We got out of the UK in the nick of time, on the proverbial helicopter from the roof of the American embassy, also known as North Terminal, Gatwick. Just 20 hours after we took off the snow closed down the entire airport. Phew! That was my travelling companion Milord’s good judgement combining with great good fortune.

The downside was a full twenty-four in a grimy, town-planner-abused Genoa, backed by the Peaks of Mordor and blasted by three different directions of wind chill. I have a feeling Genoa in late spring is probably a lovely place to be. It certainly sports some pretty gorgeous architecture in a surprising variety of styles, but much of any favourable impression wears off when you’re blinded by sea fret travelling at 60kph. Never mind, this is December after all and in just a few days we’ll be casting our clouts as the North Atlantic becomes mid- and then South.

I can’t write very much about life on board yet as we’ve had just 2 meals, one big sleep, and a minor tragedy with an order for Frangelico; much too early to call. All one can say is that the Balinese waiting crew are very sweet and the coffee at breakfast is very bad. In any case, in forty minutes there will be the real test of the ship’s metal – the first of the daily quizzes! Those who know me best will have just cringed a little. I will attempt to keep Mr Competitive Pedant in check. Promise. Fat chance.

In four hours from now we’ll all pile off in Barcelona.
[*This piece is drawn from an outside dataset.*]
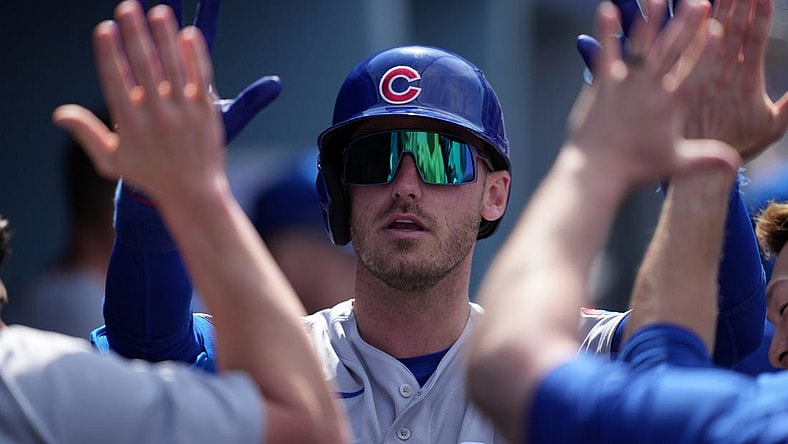 Apr 16, 2023; Los Angeles, California, USA; Chicago Cubs center fielder Cody Bellinger (24) celebrates with teammates after hitting a solo home run in the fifth inning against the Los Angeles Dodgers at Dodger Stadium. Mandatory Credit: Kirby Lee-USA TODAY Sports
Those on board who’ve never before visited the Catalan capital will be taking in Sagrada Familia, Camp Nou and Parc Güell. Milord will be heading for a 3pm dental appointment and Andalublue will be grabbing a taxi for the nearest Carrefour Superstore to stock up on flip-flops, cheap t-shirts and as many beverages as he can smuggle past the Booze Brigade sentries who promise to confiscate anything you couldn’t buy on board for four times the price. This may shape up into a battle of wills, cunning and ingenuity. No one keeps a Yorkshireman from his cheap sup… no one!

Tomorrow’s entry will be coming to you from somewhere in the Med, south of Ibiza. Moltes gracies!